El chico es un tipo encantador. Expansivo, amigable. Y su casa es como un dúplex invertido, con una de las paredes perteneciente a la roca, y con un balcón que no da al mar, sino a los bancales, a los tejados y a la torre de la iglesia. Es un pequeño paraíso alejado de todo, un Brigadoon italiano.

- Fuera de temporada, en los meses fríos, bajo la lluvia y a merced del viento, el turista que sigue inasequible al desaliento, fiel a la causa y dispuesto a cumplir el objetivo marcado, con todo entusiasmo y sin cansancio aparente, ese es el turista oriental. Y rodeada de varios grupos de orientales me he pasado la tarde (no me han parecido japoneses, pero tampoco es que yo los distinga del todo). 

Una de entre ellos, joven y guapa, estaba en lo alto de un mirador haciéndose selfies. No parecía quedar satisfecha con el resultado, y posaba y posaba. La magnífica perspectiva me tenía embelesada y por eso me detuve demasiado rato a su lado, hasta que caí en la cuenta y quise alejarme, pero ya era tarde... ocurrió lo inevitable, y es que tuve que negarme a hacerle una foto. Porque sabía que no iba a ser sólo una. Aún me acuerdo de la señora del claustro de Avignon, hay lecciones que se aprenden para toda la vida.

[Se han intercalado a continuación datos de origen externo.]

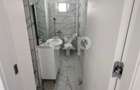 Apartament 2 camere,Parter , Micro 11 - 8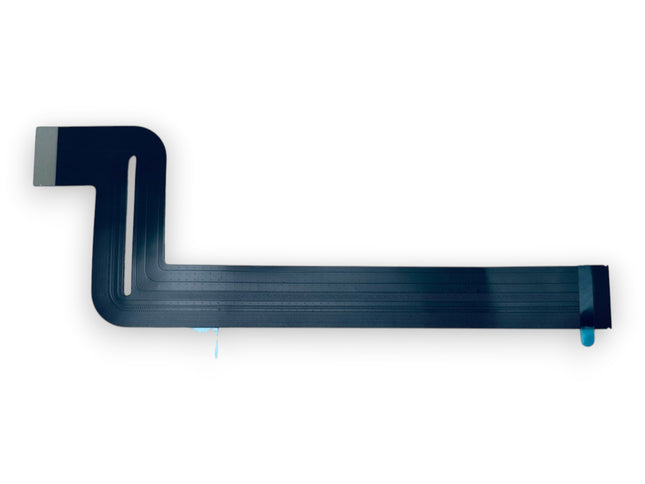 Trackpad / Touchpad / Flex Kabel für Apple MacBook Pro A2338 13 M2 2022
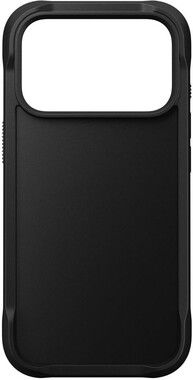 Nomad Rugged Case (iPhone 17 Pro)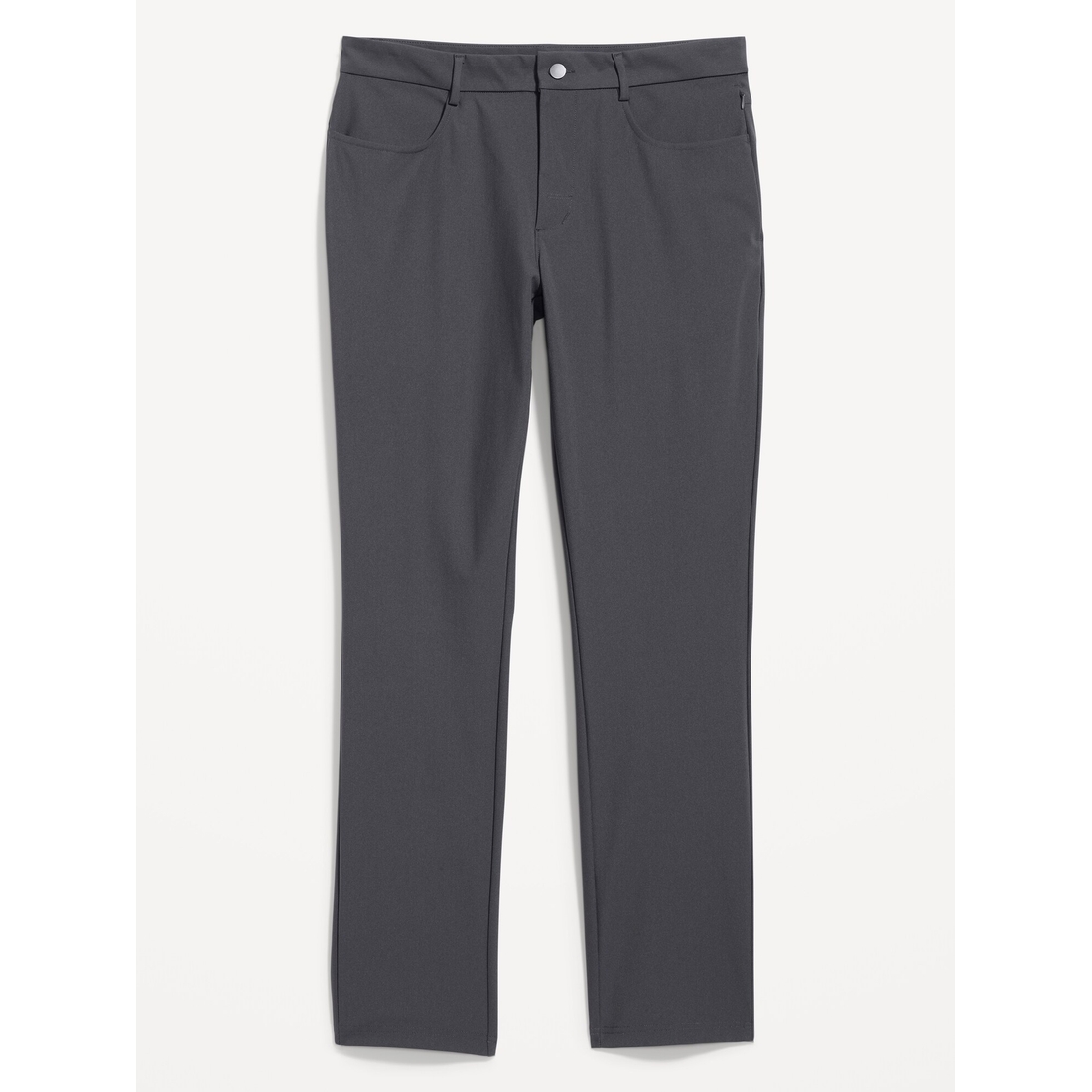 ほぼ新品manhole5万円購入　class super slim slacks $_57.JPG?set_id=8800005007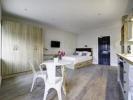 Louer pour les vacances Appartement NOTTINGHAM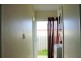 6 MIAMI WAY, Jurien Bay WA 6516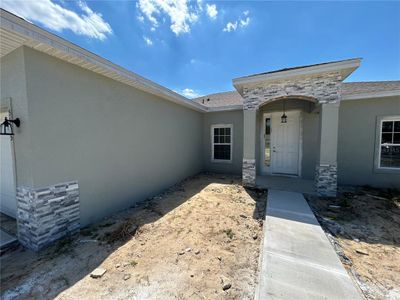 New construction Single-Family house 5115 Old Highway 37, Lakeland, FL 33811 - photo 25 25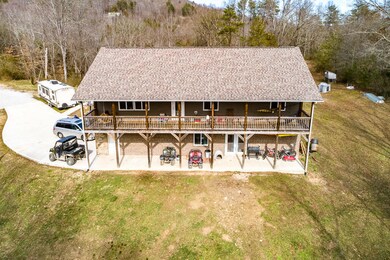 003190209-2-241OwegoRoadJellicoTN-SMALL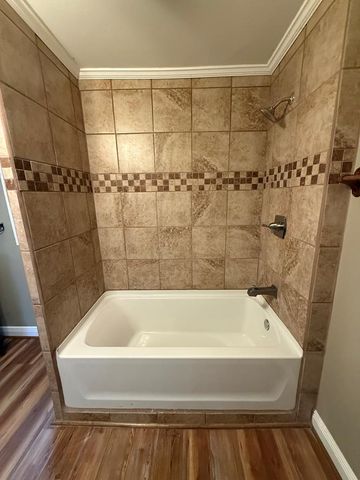 227 South Broad St, Newville, AL 36345
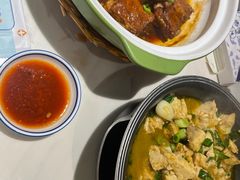 -东门头·江鲜小馆(新天地店)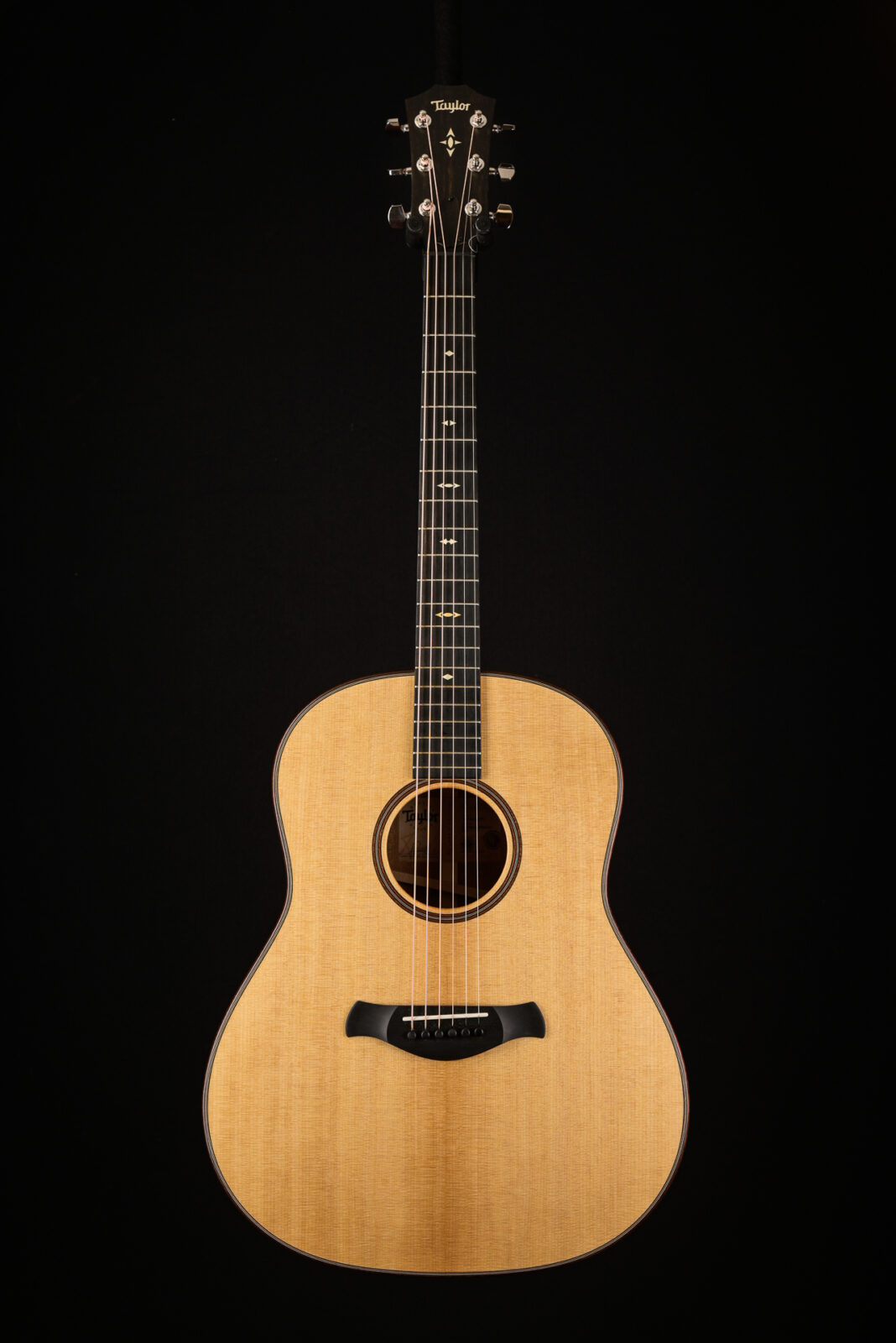 Taylor 517 GOLD LABEL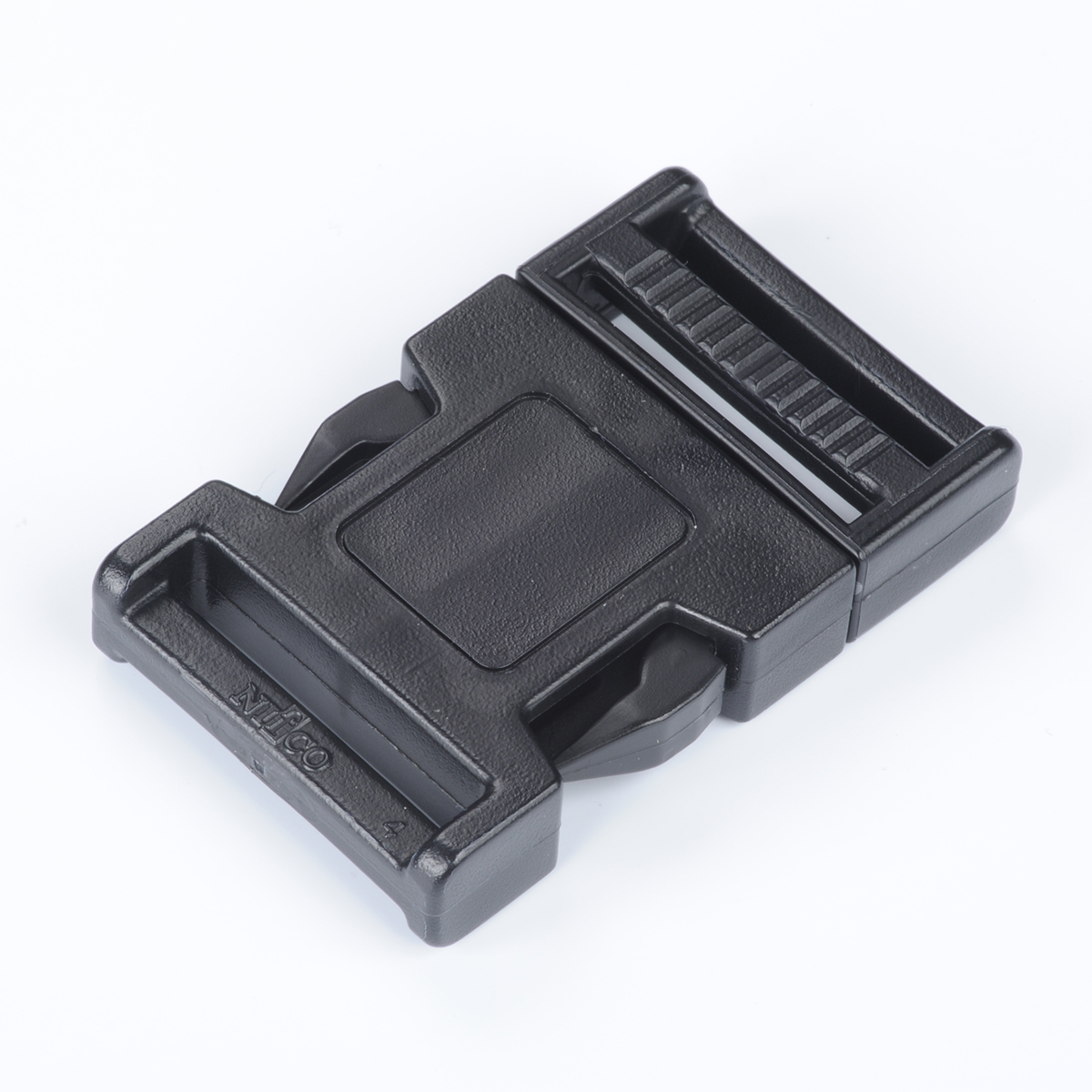 迷子のバンドSR 迷子のバンドSR 【公式通販】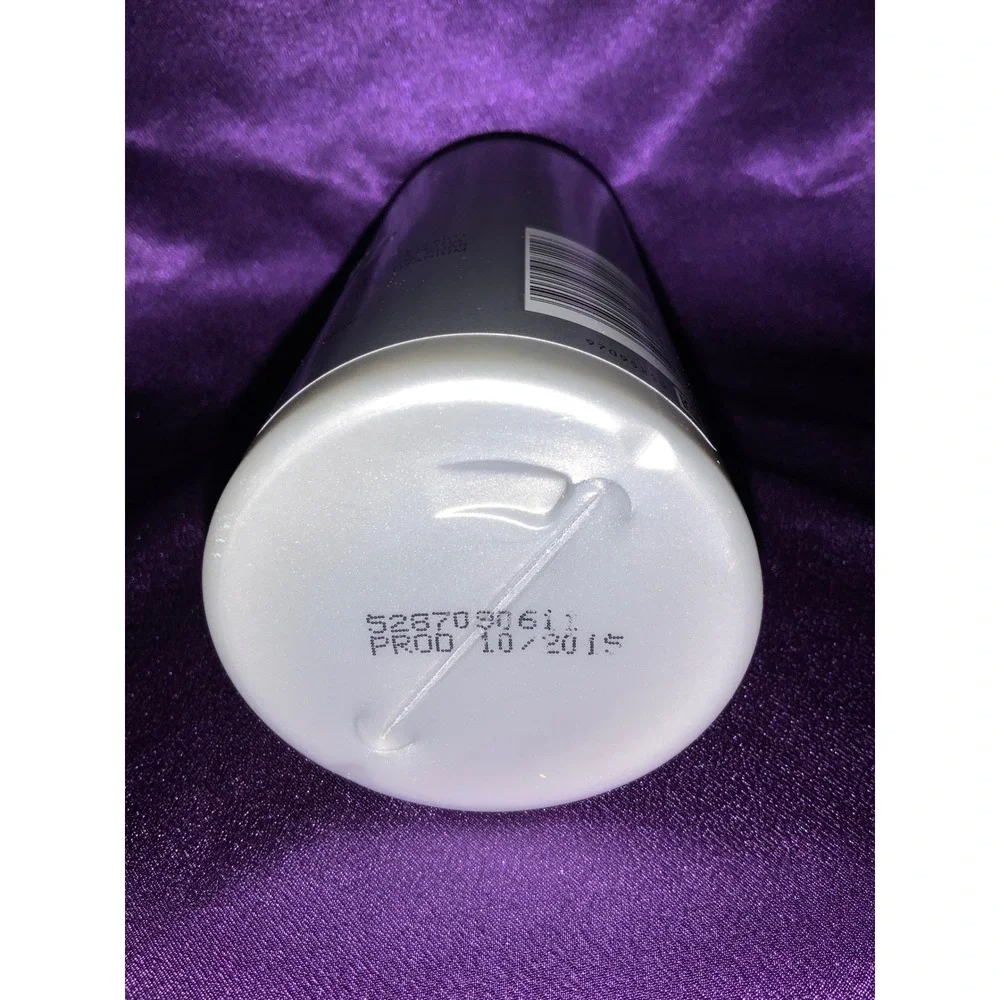 Wella professionals magma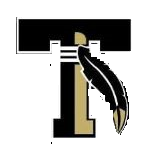 Tuscola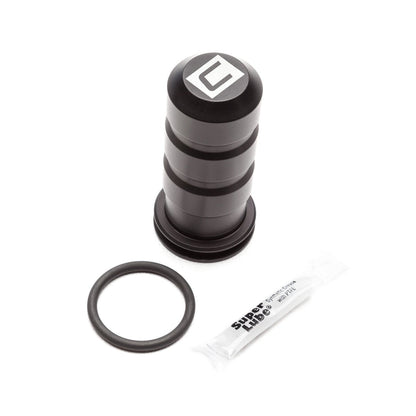 COBB Sound Suppression Chamber | Ford Focus RS (16-18) (894600)
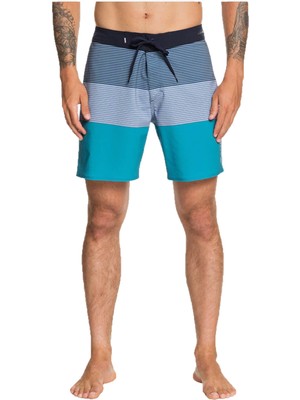 Quiksilver Highmassv17 Erkek Boardshort EQYBS04326-BNZ6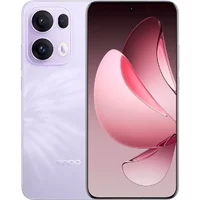 Reno13 Pro (5G) 512 Go, Violet - Neuf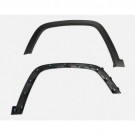 LISTWA NAKŁADKA BŁOTNIKA PRZEDNIA LEWA JEEP COMPASS 2017-2026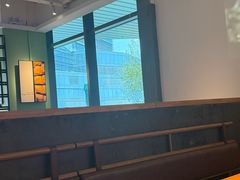 -新贝乐意大利餐厅(苏州中心店)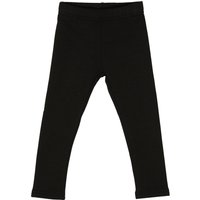 STACCATO Thermohose gefüttert STACCATO Thermohose gefüttert von Staccato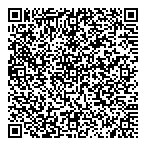 QR код "Мир детства"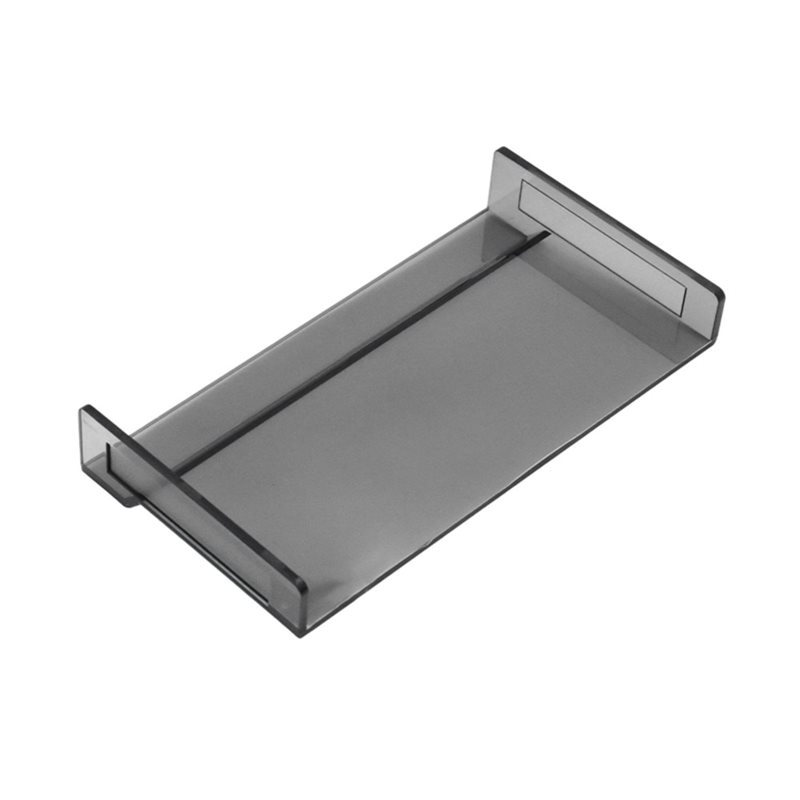 Capa Protetora Contra Poeira p - Reel Cover avaliação e preço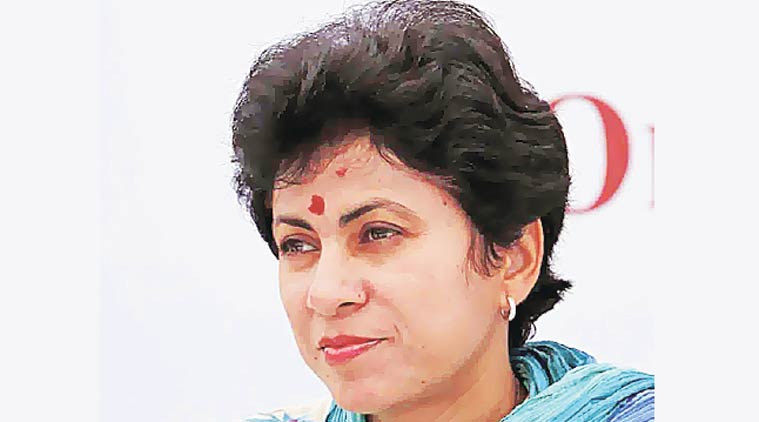 हरियाणा कांग्रेस अध्यक्ष कुमारी सैलजा का बयान :-

BJP-JJP सरकार की नई 'राइस शूट' नीति किसान विरोधी।

72 घंटे में किसानों को भुगतान के सरकार के दावे फेल,किसानों को अभी तक नहीं मिला गेहूं व सरसों फसल का भुगतान।

चना फसल की तुलाई में सरकारी एजेंसियों द्वारा किसानों से की जा रही ठगी।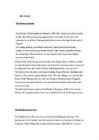 The Middle Ages #3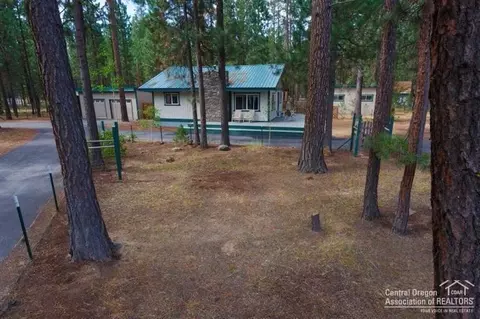14815 White Pine Way, La Pine, OR 97739 photo 2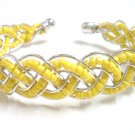 free shipping BRACELET BA613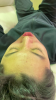 IMG_3311.jpeg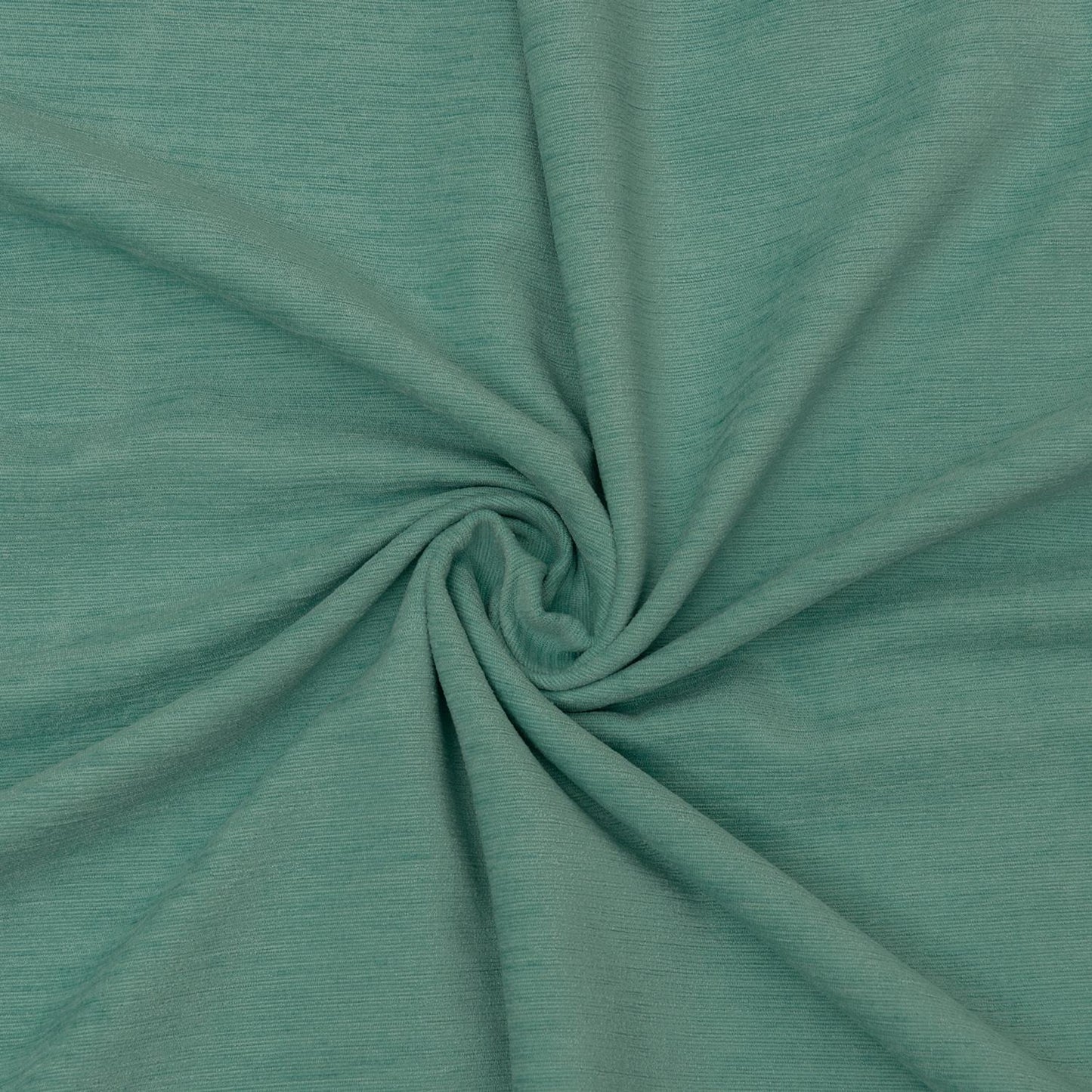 Tek Kişilik Koltuk Örtüsü Berjer Örtüsü Koltuk Şalı 2 Adet 110x175 cm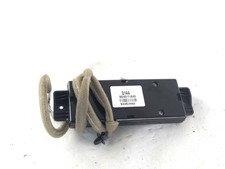 96240-F1AA0 CENTRALINA ANTENNA KIA SPORTAGE 1.6 G 97KW 6M 5P (2021) RICAMBIO USA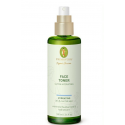 Primavera Ultra Hydrating Face Toneris - Hydratační pleťové tonikum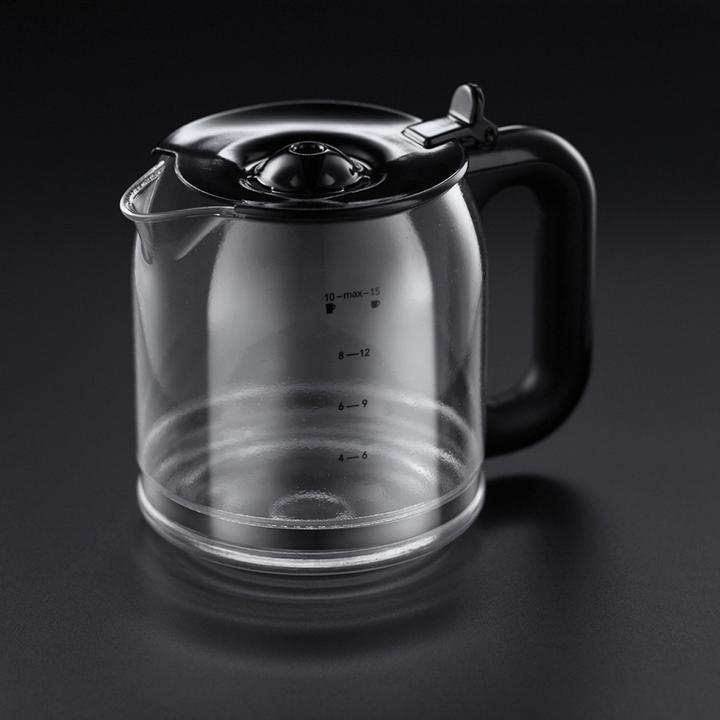 Actual product image Russell Hobbs Buckingham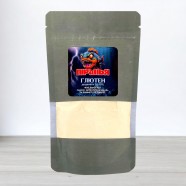Глютен Піранья, 100г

La pobre chica no podía concebir que mi maldad de corazón le negara algo tan sencillo, que para ella era tan natural como el respirar. Miró el helado que yo me estaba tomando y me dijo Ah, you're busy! Tuve la hipocresía de asentir, como si el tener una mano ocupada fuera suficiente excusa. El caso es que luego, de lejos, vi que había convencido a una chica árabe para que le hiciera fotos durante largo rato, en multitud de posturas y desde todos los ángulos posibles. Y más tarde, desde otro mirador más lejano, alcancé a verlas despedirse con un abrazo que me pareció sincero. Es más, aún abrazadas por la cintura, le pidieron a una señora que pasaba que les hiciera otra foto juntas ... no sé si es contagioso, o qué.